Artist, illustrator, web designer and now author, Emilya Naymark, sits with us to discuss the second novel in her Sylvan series,
Behind the Lie. The series centers around Laney Bird, a former NYPD cop turned PI, who had worked a Russian racketeering case gone wrong. From there, a sequence of unfortunate events occur with her finally fleeing the city and moving to upstate New York, where she is in the process of finding herself while also trying to protect her teenage son, Alfie. In the second book,
Behind the Lie, “She is coming to herself a little more, she’s trying to trust people, she’s trying to be part of a community, part of a society… it begins with a gigantic block party… you get 600 people on the block and it kind of lends itself perhaps to not very good things happening. Within the first few pages, you have a fire, a man drives a truck into his own house, destroying it, and someone is shot, and two people disappear, and that happens within 15 minutes of the book beginning.” Amidst the chaos, Laney has to figure out what is happening whilst keeping her family together. The story is also about Laney’s friend, Holly, a character that has a seemingly perfect life, but goes missing. With Holly, Naymark explores the pressures women feel to be perfect at everything, at the same time being a good wife and mother. In the story, readers see Holly starting to unravel and lose control, trying to be everything to everyone.
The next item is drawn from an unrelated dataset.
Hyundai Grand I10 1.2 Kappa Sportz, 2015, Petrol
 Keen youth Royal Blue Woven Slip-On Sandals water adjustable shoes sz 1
Naymark added, “There’s just no way that she can be this perfect without having to pay for it somehow,” and it’s that idea that forms the premise for this second book.
Naymark also discussed being born in Moscow before the fall of the Soviet Union, her thoughts on the financial crisis some middle class families are facing today, and the art of reading Russian fortune-telling cards, called Cartomancy. Her advice for aspiring writers trying to get their first book published is to be persistent. “If writing is what makes you happy, write. Write the best thing that you can, and I would say, write because you love writing, that’s really the only advice.”